Find the steady-state temperature distribution inside a sphere of radius 1 when the surface temperatures are as given in Problems 1 to 10.

$\mathbf{\left|}\mathbf{cos\theta }\mathbf{\right|}$.

The surface temperature of sphere of radius 1 is$\left|\cos \left(\theta \right)\right|$.

When a conductor reaches a point where no more heat can be absorbed by the rod, it is said to be at steady-state temperature.

The standard Legendre polynomials is $P_l\left(\cos \left(\theta \right)\right)$.

For simplicity, consider$x=\cos \theta$.

$\begin{array}{c}{u}_{r=1}=\left|\cos \left(\theta \right)\right|\\ =\left|x\right|\end{array}$

It is known that:

$u=\sum _{l=0}^{\infty }{c}_l{r}^l{P}_l\left(\cos \theta \right)$.

Hence,

$c_m=\frac{2m+1}{2}\underset{-1}{\overset{1}{\int }}\left|x\right|p_m\left(x\right)dx$ … (1)

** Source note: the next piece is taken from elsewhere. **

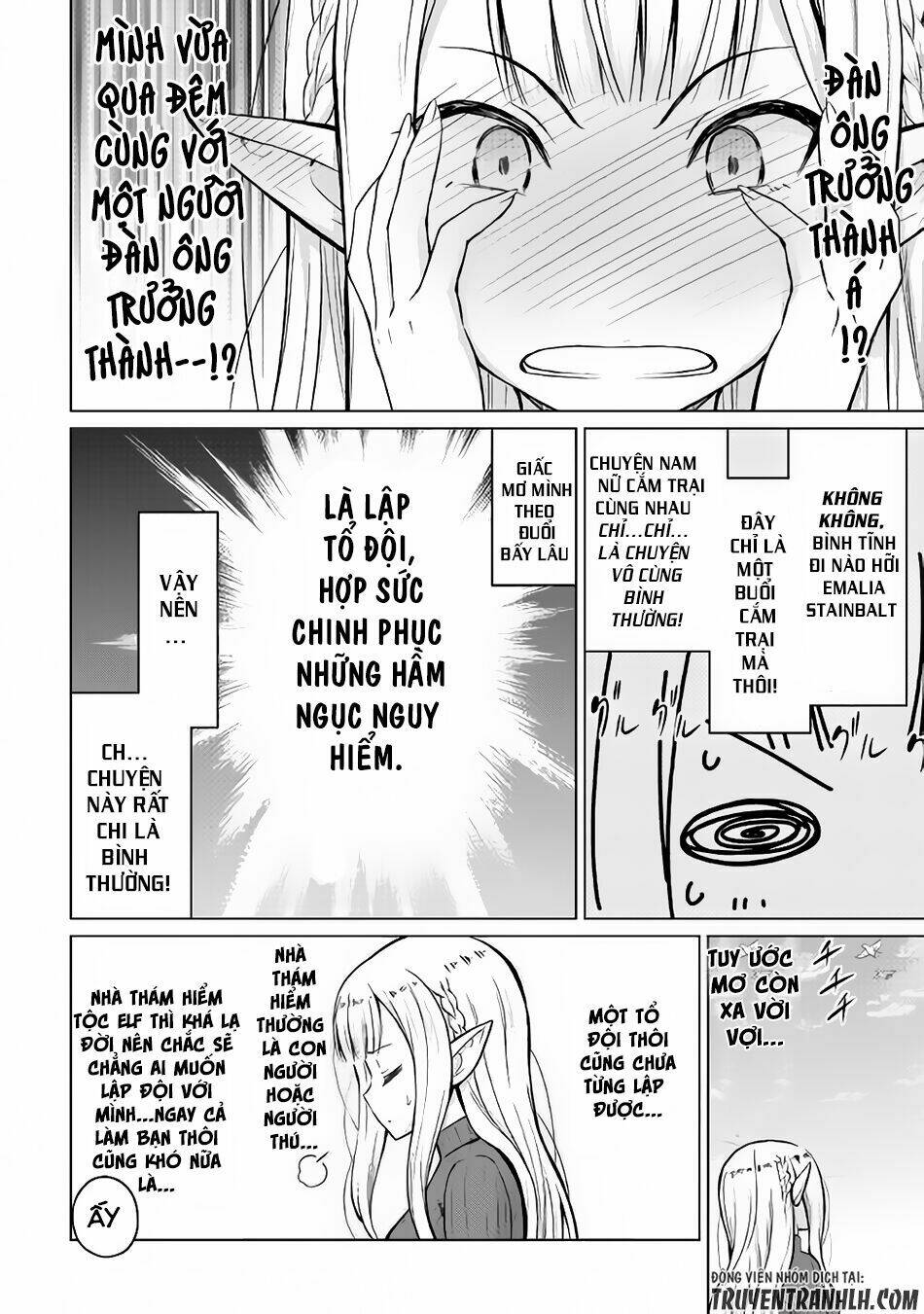 Saikyou No Shokugyou Wa Yuusha Demo Kenja Demo Naku Kanteishi (Kari) Rashii Desu Yo Chương 2 Ảnh 10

Take m = 0 and put in equation (1).

$\begin{array}{c}{c}_0=\frac{1}{2}\underset{-1}{\overset{1}{\int }}\left|x\right|dx\\ =\frac{1}{2}{\left[\frac{x^2}{2}\right]}_{-1}^1\\ =0\end{array}$

Take m = 1 and put in equation (1).

$\begin{array}{c}{c}_1=\frac{3}{2}\underset{-1}{\overset{1}{\int }}\left|x\right|dx\\ =\frac{3}{2}{\left[\frac{x^2}{2}\right]}_{-1}^1\\ =0\end{array}$

Take m = 2 and put in equation (1).

$\begin{array}{c}{c}_2=\frac{5}{4}\underset{-1}{\overset{1}{\int }}\left|x\right|(3x^2-1)dx\\ =\frac{5}{4}\underset{-1}{\overset{1}{\int }}(3\left|x\right|x^2-\left|x\right|)dx\\ =\frac{5}{4}{(3\frac{x^4}{4}-\frac{x^2}{2})}_{-1}^1\\ =\frac{5}{4}(\frac{3}{4}-\frac{1}{2}-\frac{3}{4}+\frac{1}{2})\end{array}$

$c_2=\frac{5}{8}$

Take m = 3 and put in equation (1).

$c_3=0$

Take m = 4 and put in equation (1).

$\begin{array}{c}{c}_4=\frac{9}{16}\underset{-1}{\overset{1}{\int }}\left|x\right|(35x^4-30x^2+3)dx\\ =2\times \frac{9}{16}\underset{0}{\overset{1}{\int }}(35x^5-30x^3+3x)dx\end{array}$

$\begin{array}{c}{c}_4=\frac{9}{8}{(35\frac{x^6}{6}-30\frac{x^4}{4}+3\frac{x^2}{2})}_0^{1}dx\\ =\frac{9}{8}(\frac{35}{6}-\frac{30}{4}+\frac{3}{2})\\ =\frac{9}{8}\left(\frac{140-180+36}{24}\right)\end{array}$

$\begin{array}{c}{c}_4=\frac{9}{8}(\frac{35}{6}-\frac{30}{4}+\frac{3}{2})\\ =\frac{9}{8}\left(\frac{140-180+36}{24}\right)\\ =\frac{9}{8}\left(\frac{-4}{24}\right)\\ =\frac{-3}{16}\end{array}$

Use the equation s given below.

$u=\sum _{l=0}^{\infty }{c}_l{r}^l{P}_l\left(\cos \theta \right)$

$u=\frac{1}{2}{P}_0\left(\cos \theta \right)+\frac{5}{8}{r}^2{P}_2\left(\cos \theta \right)-\frac{3}{16}{r}^4{P}_4\left(\cos \theta \right)+\dots$

Hence the steady-state temperature distribution inside a sphere of radius 1:

$\frac{1}{2}{P}_0\left(\cos \theta \right)+\frac{5}{8}{r}^2{P}_2\left(\cos \theta \right)-\frac{3}{16}{r}^4{P}_4\left(\cos \theta \right)+\dots$.